* **How to complete this task**
Word for word, give the data again without its pictures.

* **Input for this task**
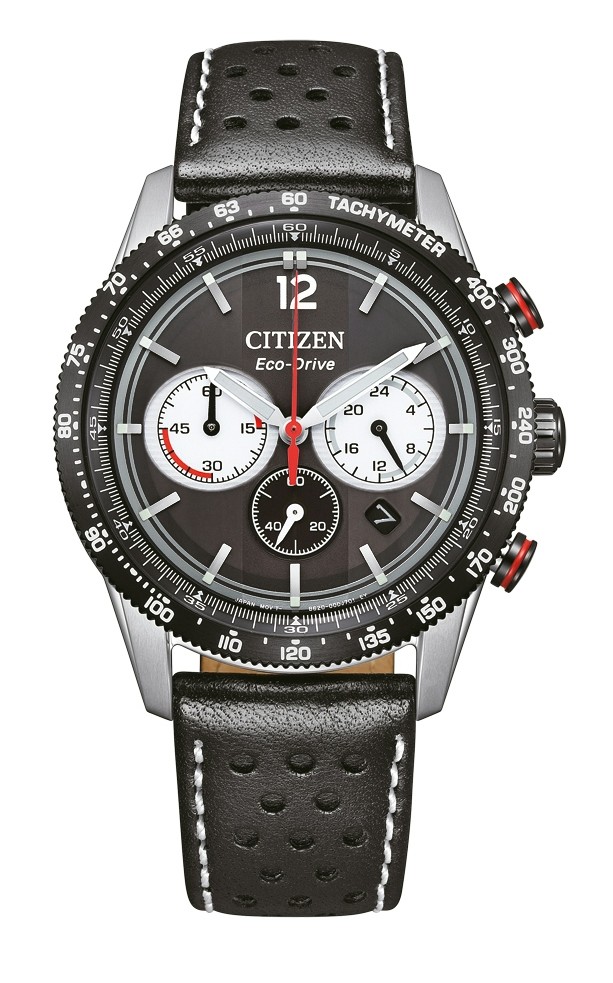Citizen Herren Racing-Chronograph CA4717-06E Solar Eco Drive Edelstahl Lederband schwarz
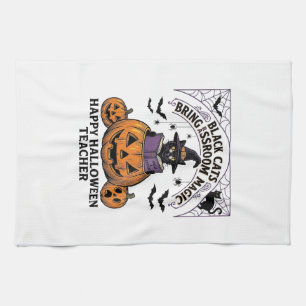 Halloween Lehrer Katze Vintage Kürbis Klassenzimme Geschirrtuch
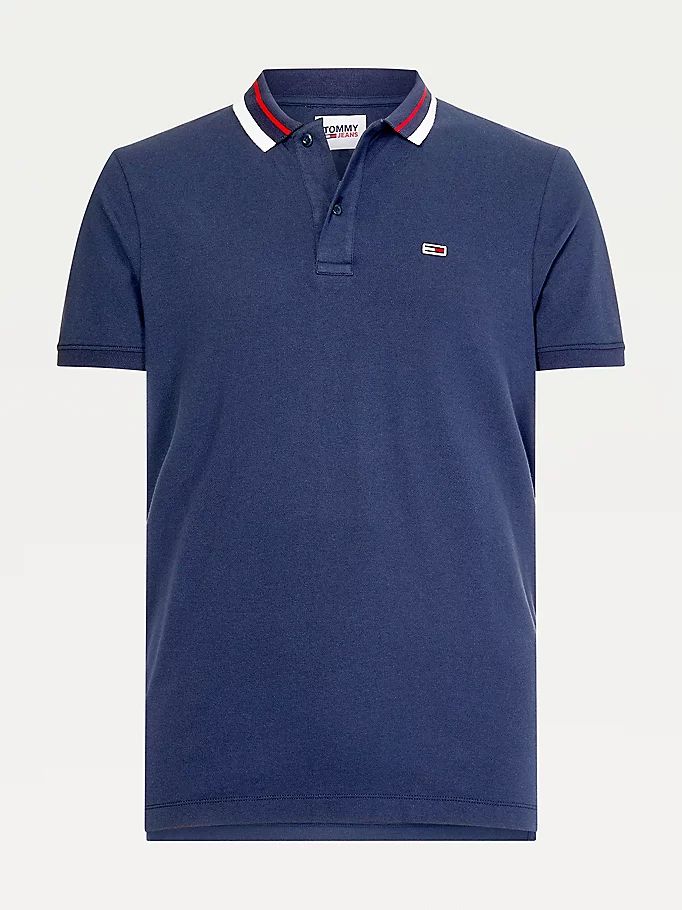 Tommy Hilfiger Classics Tipped Stretch Slim Fit Polo T Skjorte Herre Blå | VRYAMZ-032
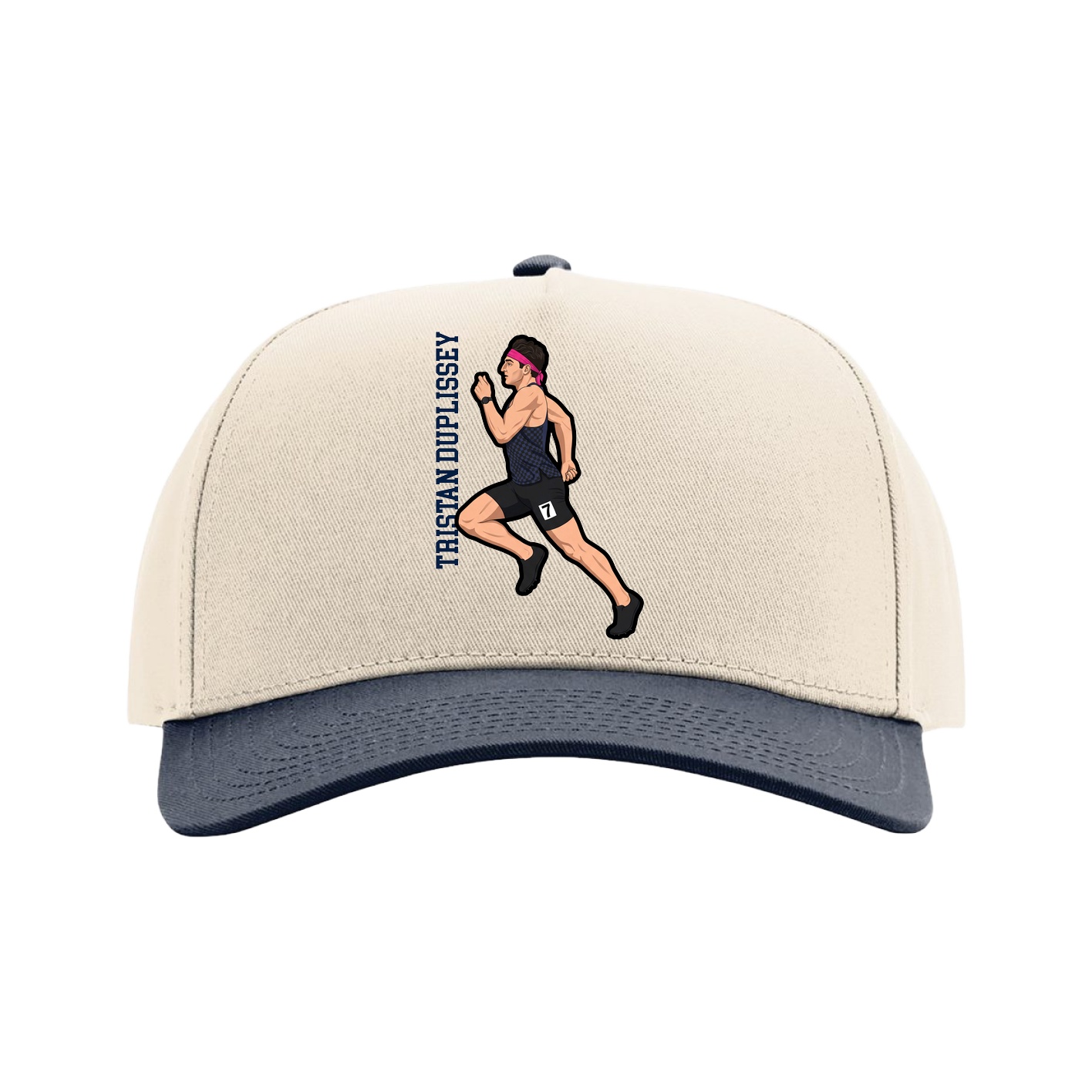 Full Fabric Five-Panel Champ Cap — Name Vertical in Cream/Navy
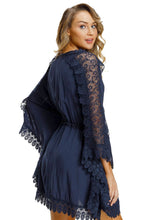 Navy Crochet Lace Kaftan Beach Cover Up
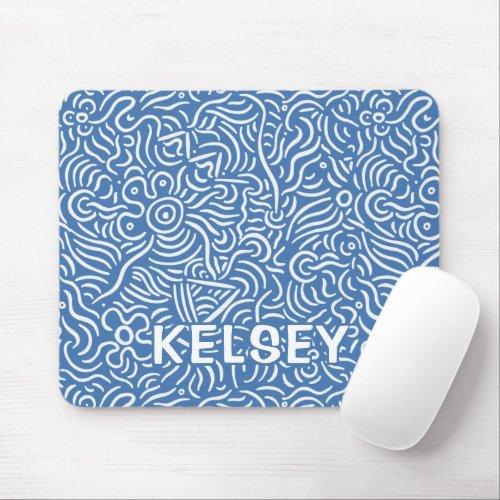 Monogrammed Minimal Line Art Blue Mouse Pad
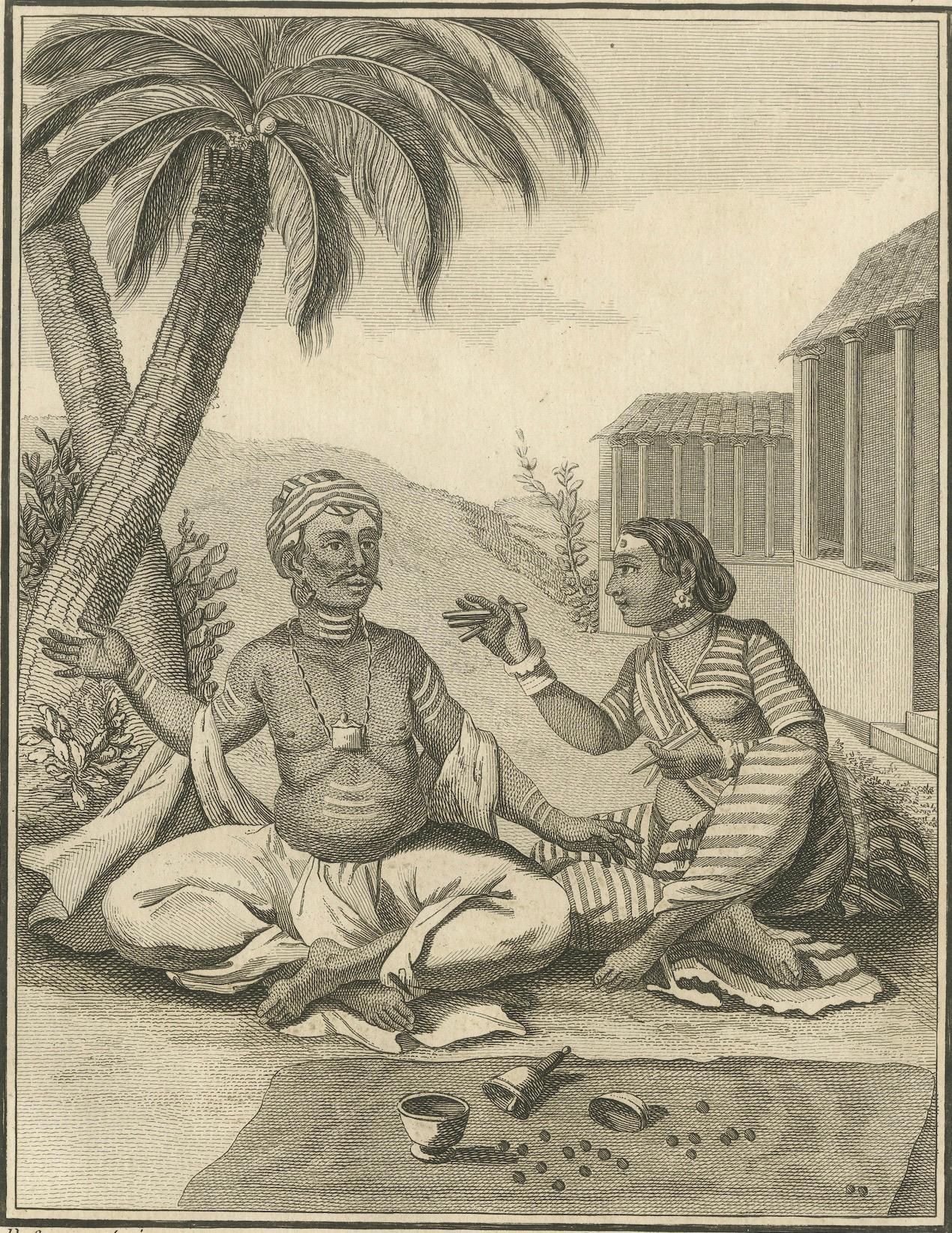 Hindu-Paar mit rituellen Utensilien - Poutchari von Darma Raja, 1806 im Zustand „Gut“ im Angebot in Langweer, NL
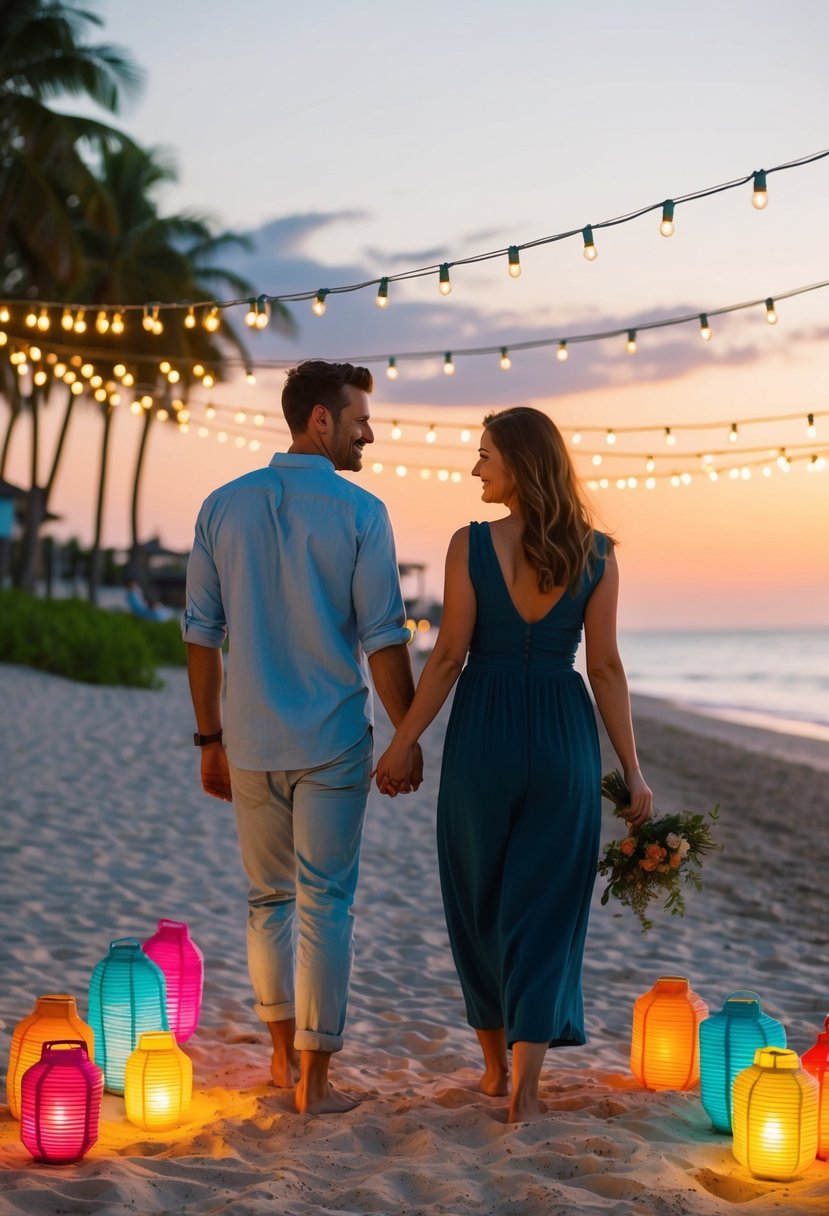 A couple stands hand in hand on a sandy beach at sunset, surrounded by twinkling string lights and colorful lanterns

* **Written reply**
Citizen Herren Racing-Chronograph CA4717-06E Solar Eco Drive Edelstahl Lederband schwarz
 Halloween Lehrer Katze Vintage Kürbis Klassenzimme Geschirrtuch
 Tommy Hilfiger Classics Tipped Stretch Slim Fit Polo T Skjorte Herre Blå | VRYAMZ-032
 Full Fabric Five-Panel Champ Cap — Name Vertical in Cream/Navy
 Navy Crochet Lace Kaftan Beach Cover Up
 Monogrammed Minimal Line Art Blue Mouse Pad
 Hindu-Paar mit rituellen Utensilien - Poutchari von Darma Raja, 1806 im Zustand „Gut“ im Angebot in Langweer, NL
 A couple stands hand in hand on a sandy beach at sunset, surrounded by twinkling string lights and colorful lanterns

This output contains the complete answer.